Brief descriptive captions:
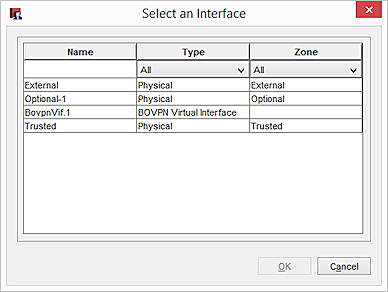 Screen shot of the Select an Interface dialog box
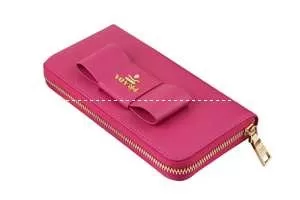 美品　プラダ【PRADA】リボンファスナー付長財布 並行輸入品 P05R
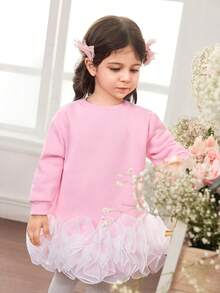 Babyflicka Söt Avslappnad Stickad Patchwork Organza Långärmad Klänning - Rosa - Visa 8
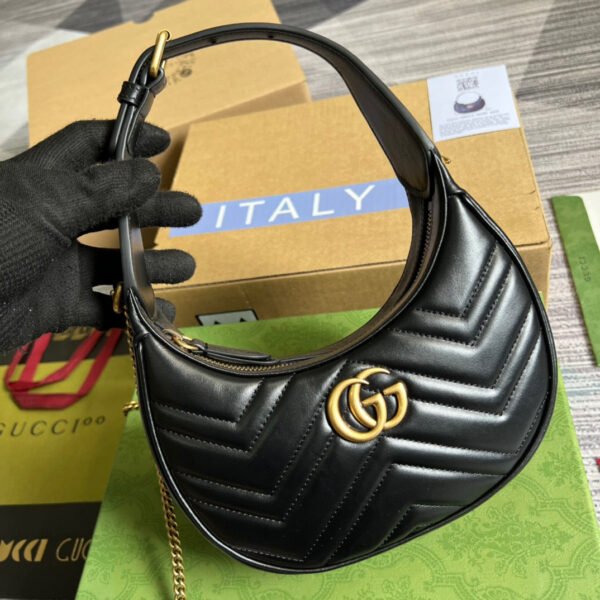 gg Marmont Half Moon Shaped Mini Bag Black For Women, Women’s Bags 8.5in/22cm gg 699514 DTDHT 1000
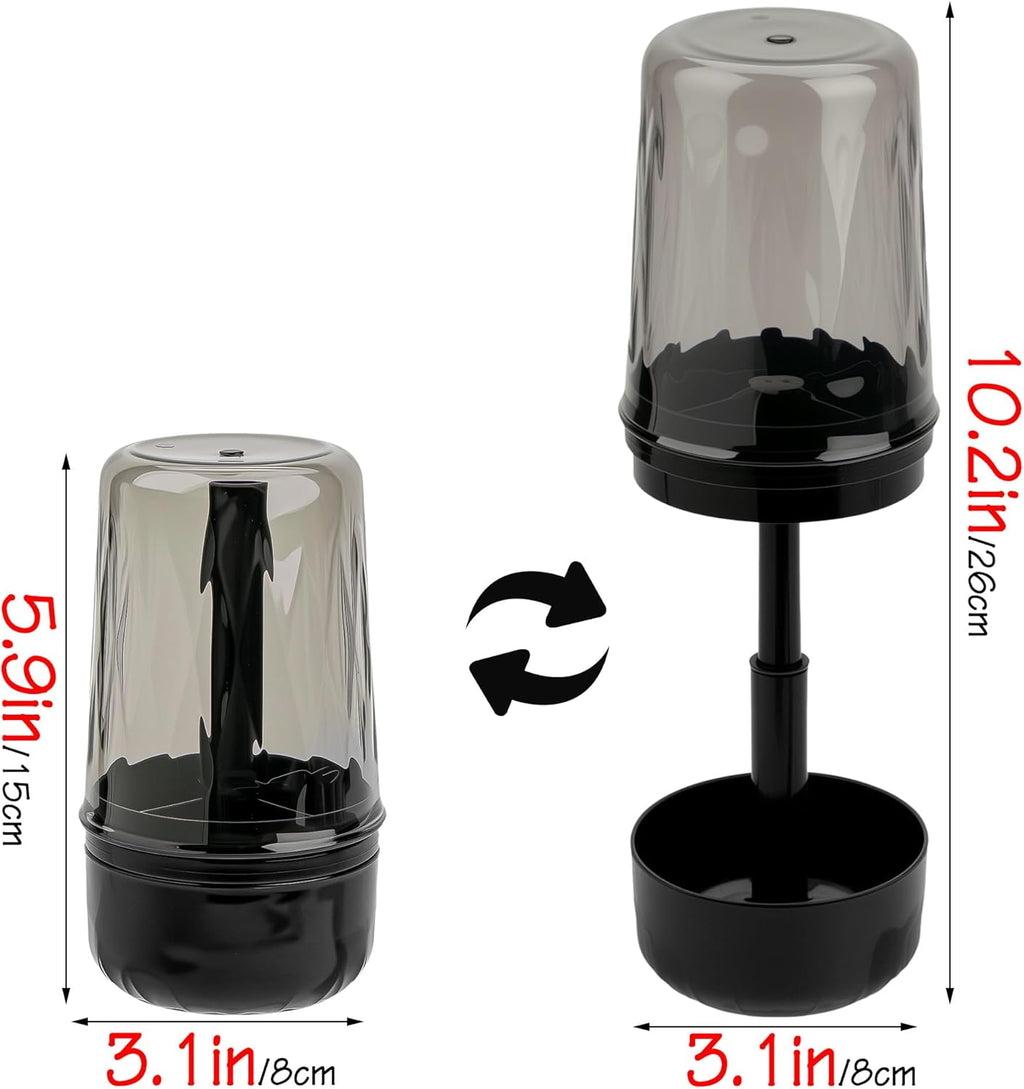 Toothbrush Holder Stand with Cup/Cover, Adjustable Height Toothbrush Organizer with 3 Slots, Portable for Bathroom, Travel, Camping (Black)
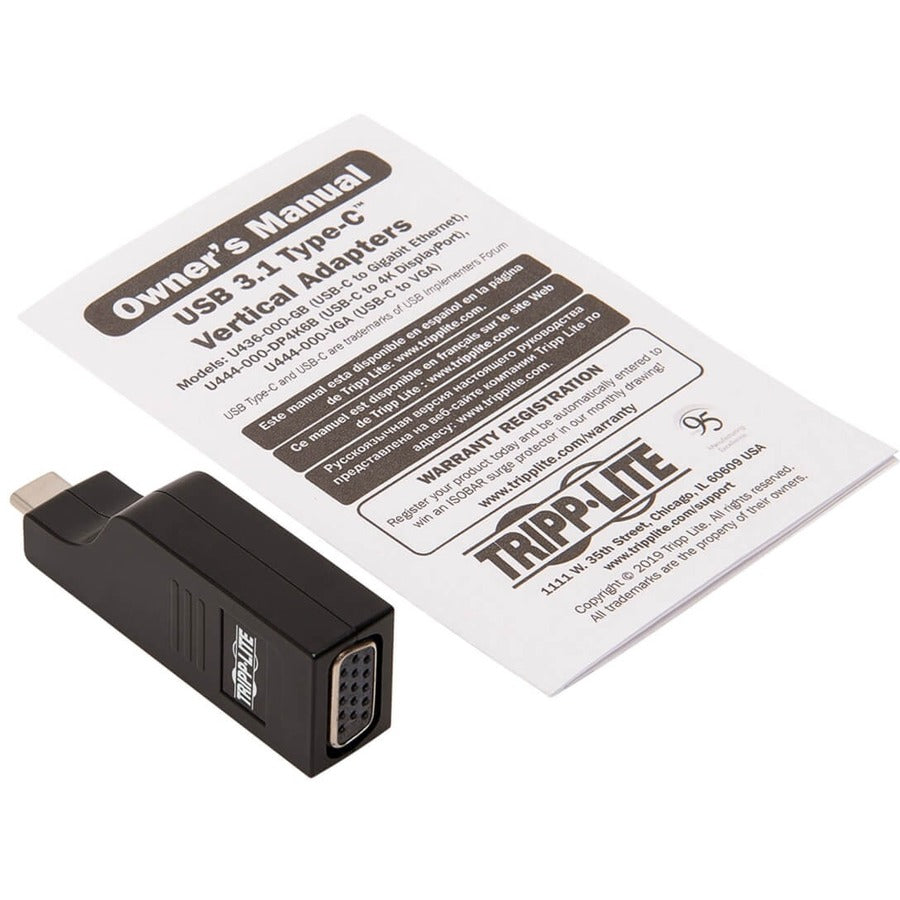 Adaptateur vertical USB-C vers VGA Tripp Lite par Eaton, M/F, noir U444-000-VGA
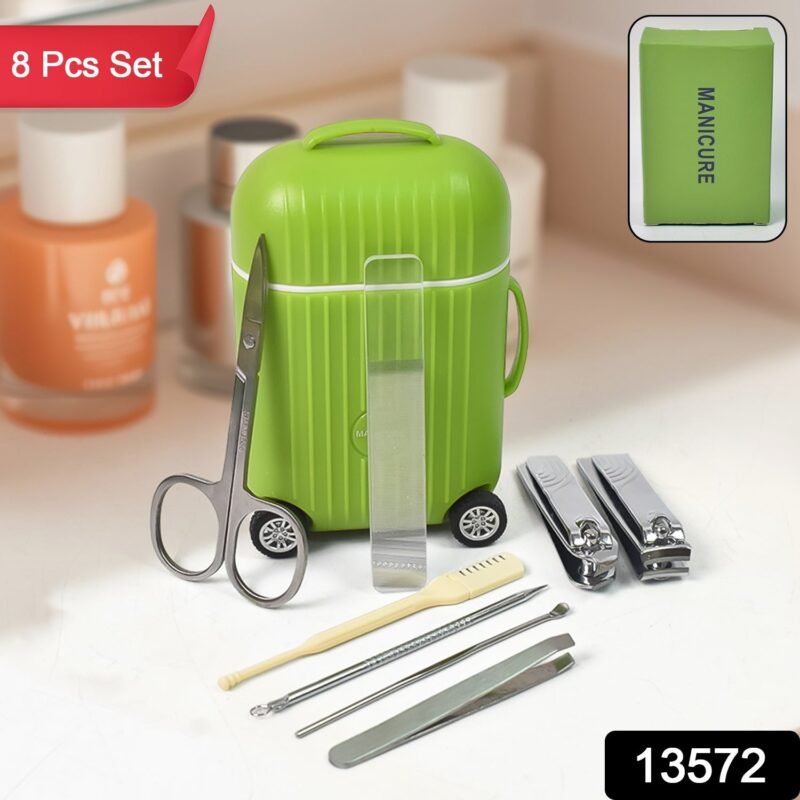 Manicure Pedicure Kit � 8-Pc Travel Grooming Set | Velvet Wipe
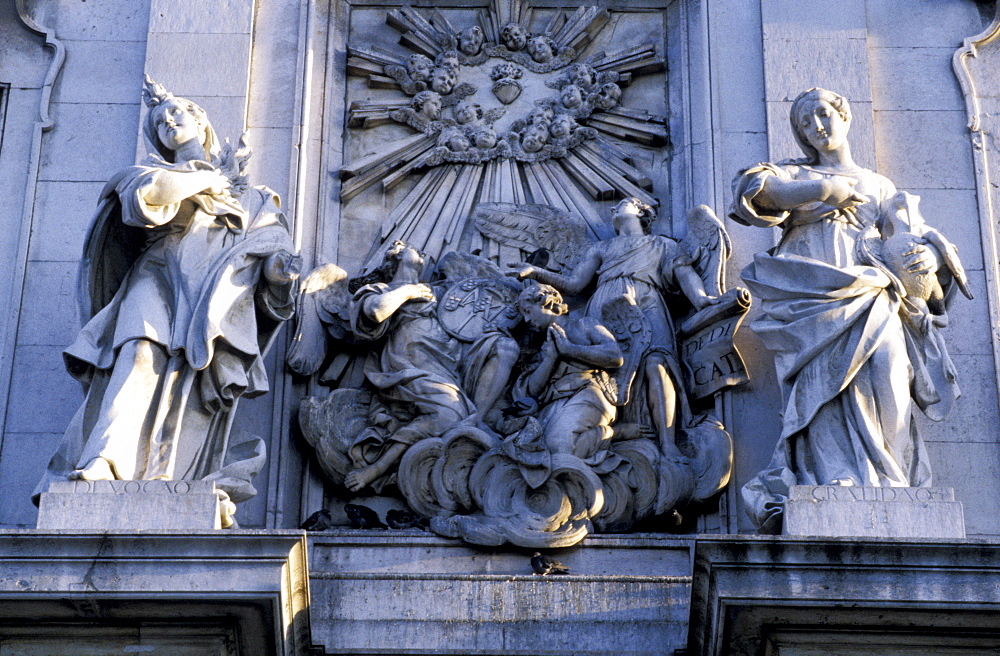 Portugal, Lisbon, Sculpted High Relief On The Baroque Church La Estrella Facade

→ TASK GOAL:
With the pictures left out, please output each line from the one containing "Toothbrush Holder Stand" through the end of the entries, exactly as it is.

→ ANSWER BOX:
 Toothbrush Holder Stand with Cup/Cover, Adjustable Height Toothbrush Organizer with 3 Slots, Portable for Bathroom, Travel, Camping (Black)
 Adaptateur vertical USB-C vers VGA Tripp Lite par Eaton, M/F, noir U444-000-VGA
 Manicure Pedicure Kit � 8-Pc Travel Grooming Set | Velvet Wipe
 Portugal, Lisbon, Sculpted High Relief On The Baroque Church La Estrella Facade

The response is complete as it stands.